Central Banks Hold Steady

Recent central bank decisions were largely in line with expectations, with both the Bank of Canada (BoC) and the Federal Reserve (Fed) holding policy rates steady. Long-term inflation expectations remain well anchored, giving policymakers flexibility to remain patient as they assess how the Middle East conflict may affect prices, consumer spending, and business sentiment. Since the onset of the U.S.-Iran war, markets have pared back expectations for lower interest rates, with investors now anticipating both the Fed and BoC to remain on hold through the next several meetings.

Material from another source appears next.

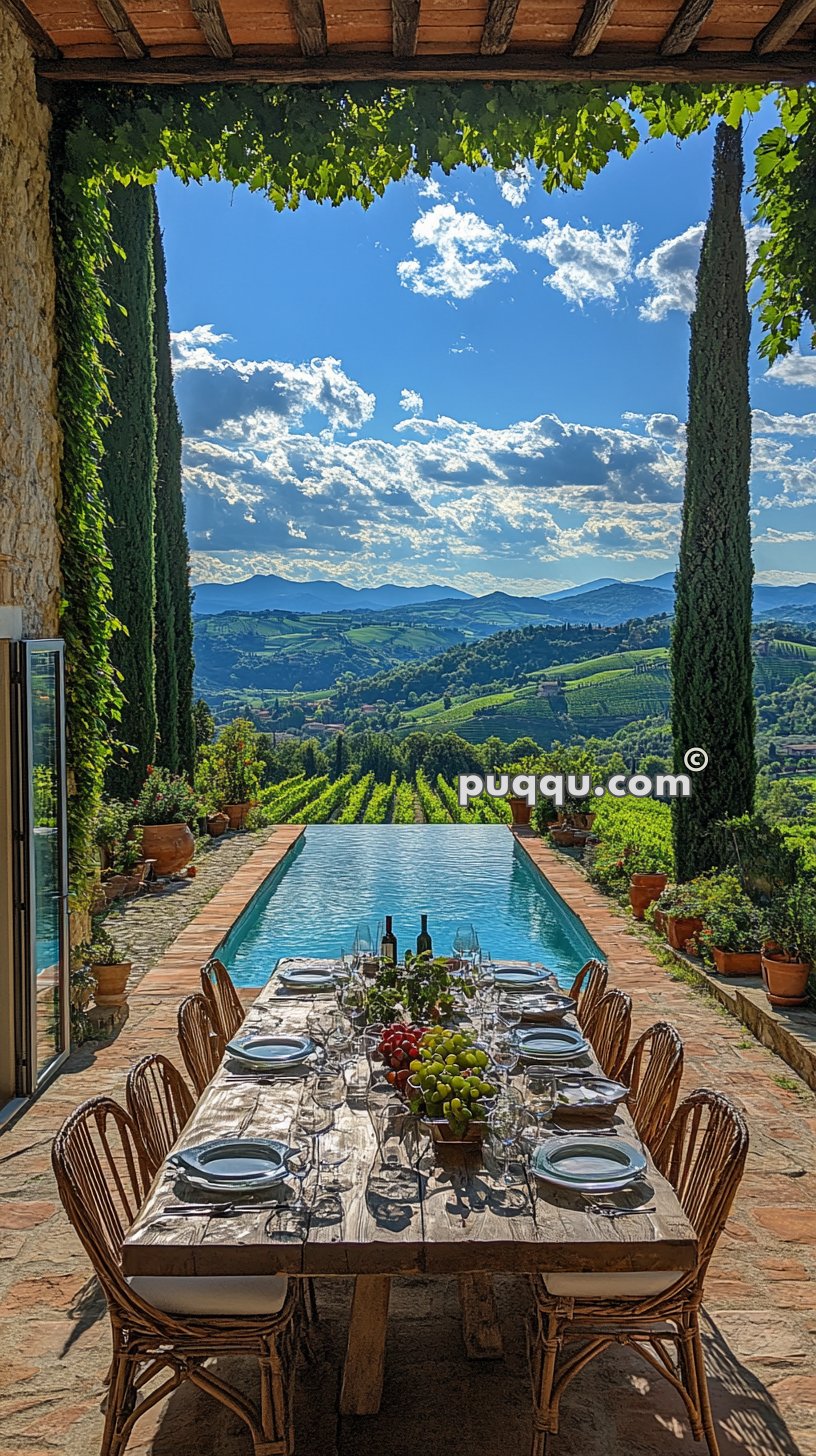 Outdoor dining area with a wooden table set for a meal, placed beside an infinity pool, overlooking a scenic landscape of rolling hills and vineyards under a partly cloudy sky.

The latest Fed meeting also marked Jerome Powell’s final meeting at the helm. Powell indicated he plans to remain on the rate-setting committee as a governor for a period "to be determined," delaying the need for the Trump administration to nominate another board member. As Kevin Warsh’s nomination to succeed him as chair continues to advance through the Senate confirmation process, attention could shift toward the leadership transition at the central bank. While the Fed’s monetary policy framework tends to evolve gradually, shifts in communication styles and policy “reaction functions” to macro developments can occasionally introduce short-term market volatility as investors adjust to a new leadership regime. 

Takeaway

Geopolitical headlines will likely remain noisy with the U.S. and Iran conflict locked in a negotiating phase. Recent strength in equities has been fundamentally supported by sturdy profit growth, but we are mindful that markets have largely embraced the narrative of a timely resolution. This leaves the outlook more sensitive to delays, as the cumulative effects of high commodity prices could become more pronounced over time. Keeping a long-term perspective, combined with an awareness of evolving risks, remains a useful approach for navigating the near-term uncertainty.